Abstract
Here we demonstrate that quantitation of stimuli-induced proteome dynamics in primary cells is feasible by combining the power of Bio-Orthogonal Non Canonical Amino acid Tagging (BONCAT) and Stable Isotope Labelling of Amino acids in Cell culture (SILAC). In conjunction with nanoLC-MS/MS QuaNCAT allowed us to monitor the early expression changes of > 600 proteins in primary resting T cells subjected to activation stimuli.
Keywords: quantitative proteomics, SILAC, BONCAT, T cell activation
Understanding cell behaviour at a systems level is largely concealed due to limited knowledge of proteome dynamics. Changes in the expression of proteins and their cognate mRNAs display positive, yet only modest correlation1, 2, the highest correlation being observed for components of conserved molecular machines3. Indeed, abundance of cellular proteins may be predominantly controlled at the translation level4. Thus, knowledge of transcriptomes’ dynamics alone is evidently insufficient to understand cell behaviour.

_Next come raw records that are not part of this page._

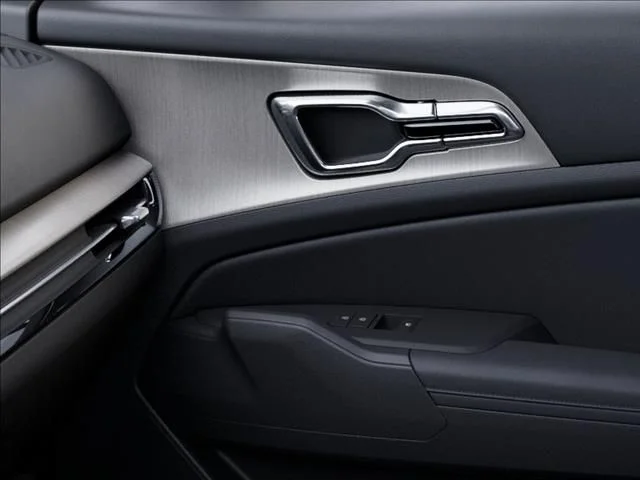 New 2027 Fusion Black Kia X-Line image 25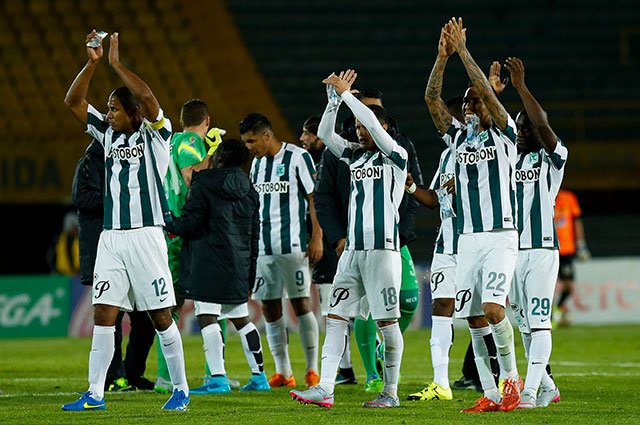 Hora del Partido Rosario Central vs Atletico Nacional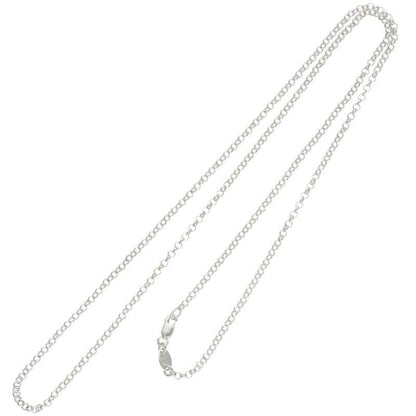 Chrome Hearts Neckchain Roll Chain Silver Necklace — view 2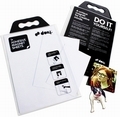1 x FOTOMAGNETE - ADHESIVE MAGNET SHEETS (DOIY)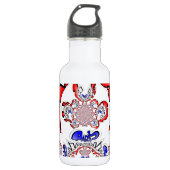 Schönes, phantastisches und anpassbares Design Trinkflasche (Vorderseite)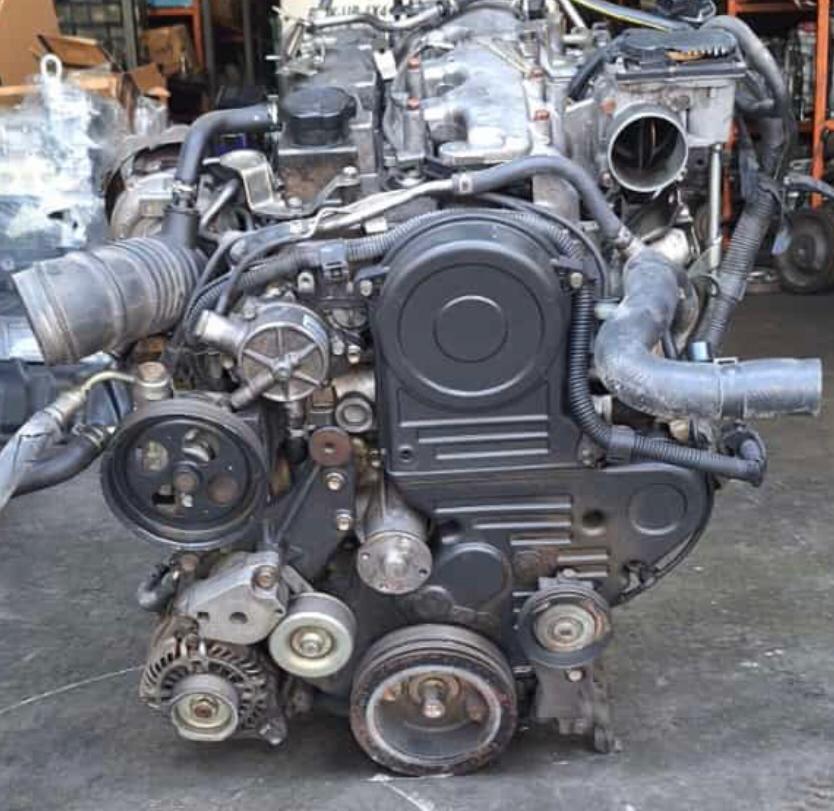 MİTSUBİSHİ L200 MOTOR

SILAC-based MS analysis permits quantitation of steady-state proteome changes5. However, monitoring the proteome response to stimuli remains challenging, especially for ex vivo primary cells, to which SILAC cannot be straightforwardly applied6. Likewise, quantifying immediate/early changes of protein networks occurring during complex biological processes (such as cell proliferation and differentiation), is problematic because short SILAC pulses (few hours) label only a small fraction of a protein pool7, severely limiting MS-based quantitation of protein expression changes. Selective isolation of the fraction of SILAC-labelled proteins would help to overcome the above limitations. BONCAT exploits Cu(I)-catalysed azide-alkyne cycloaddition (CuAAC) for site-selective labelling of newly synthesised proteins8, without modifying the translation machinery by genetic engineering. Cells are cultured in the presence of the azide-bearing methionine surrogate azidohomoalanine (AHA), which is efficiently incorporated into newly synthesized proteins without adverse effects on cellular functions8, 9. After cell lysis, the AHA azide group is reacted with an alkyne-bearing biotinylated tag in the presence of CuAAC catalyst, allowing for the selective enrichment of the tagged protein pool. BONCAT has been used for MS-based non-quantitative monitoring of newly synthesized proteins in cultured mammalian cells9. However, the efficiency and rate of CuAAC is site-and protein-dependent and may not be homogeneous for all proteins10, 11. Moreover, monitoring protein changes by BONCAT alone using label-free MS-based quantitation would have low accuracy.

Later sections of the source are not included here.